**Activity**. Nothing but the lines below from the one containing "الكاتب يأخذ معلومات" through the one containing "Chủ tịch Triều" should appear in the answer, exact and without pictures.

**Records to process**.
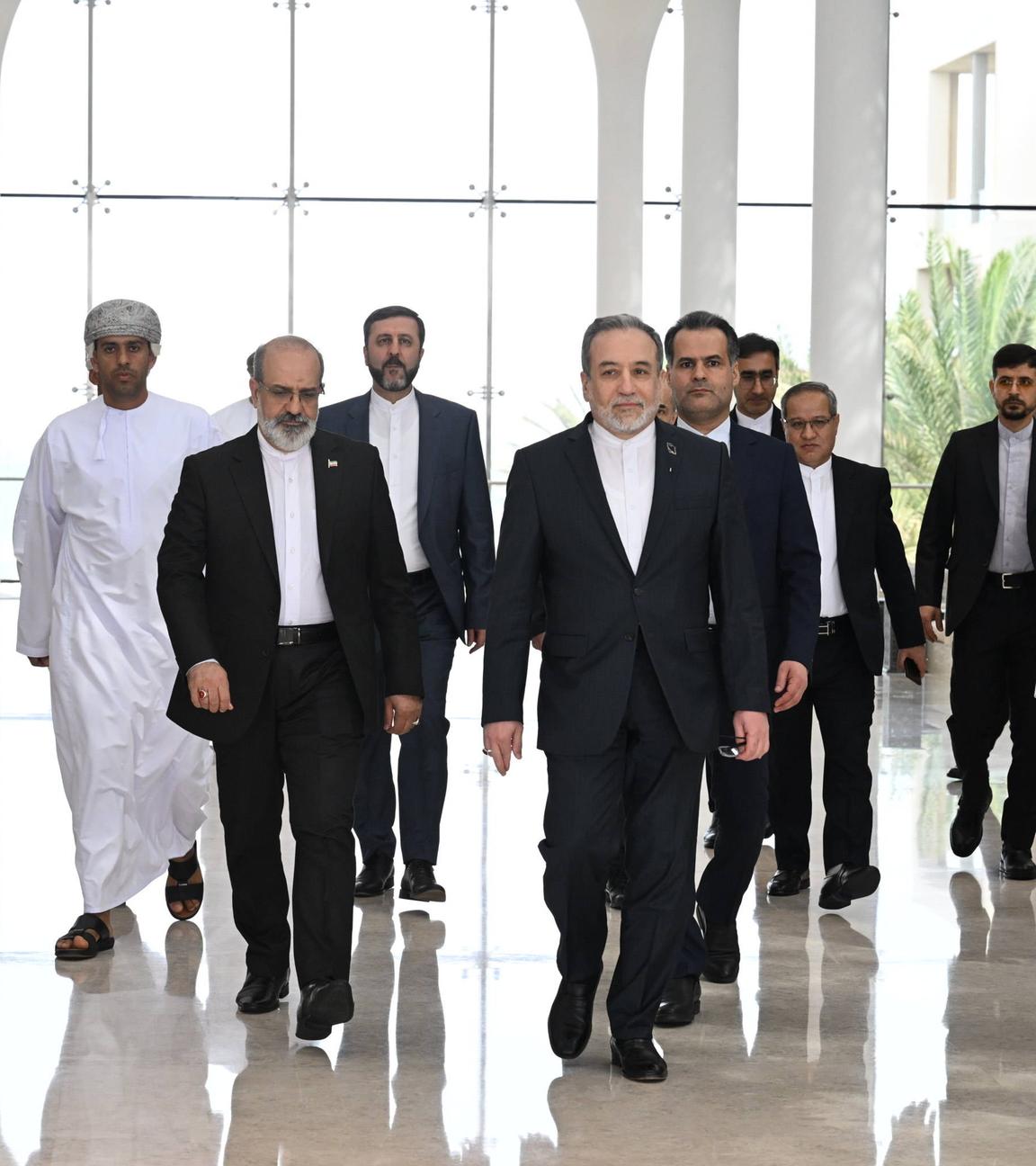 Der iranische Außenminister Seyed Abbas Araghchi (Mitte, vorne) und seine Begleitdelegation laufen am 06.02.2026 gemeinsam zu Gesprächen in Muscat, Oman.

* * *

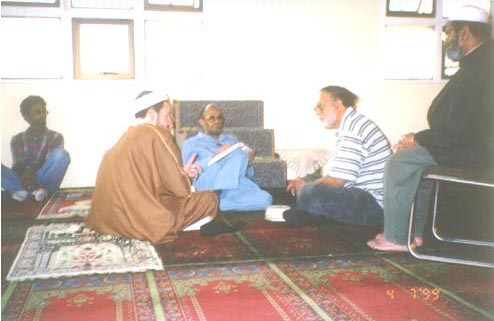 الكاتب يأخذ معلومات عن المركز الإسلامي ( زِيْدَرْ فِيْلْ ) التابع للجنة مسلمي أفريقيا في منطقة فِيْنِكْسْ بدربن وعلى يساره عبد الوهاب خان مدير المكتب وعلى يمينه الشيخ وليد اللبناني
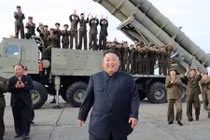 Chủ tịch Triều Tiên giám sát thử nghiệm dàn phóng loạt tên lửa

**Response**.
 الكاتب يأخذ معلومات عن المركز الإسلامي ( زِيْدَرْ فِيْلْ ) التابع للجنة مسلمي أفريقيا في منطقة فِيْنِكْسْ بدربن وعلى يساره عبد الوهاب خان مدير المكتب وعلى يمينه الشيخ وليد اللبناني
 Chủ tịch Triều Tiên giám sát thử nghiệm dàn phóng loạt tên lửa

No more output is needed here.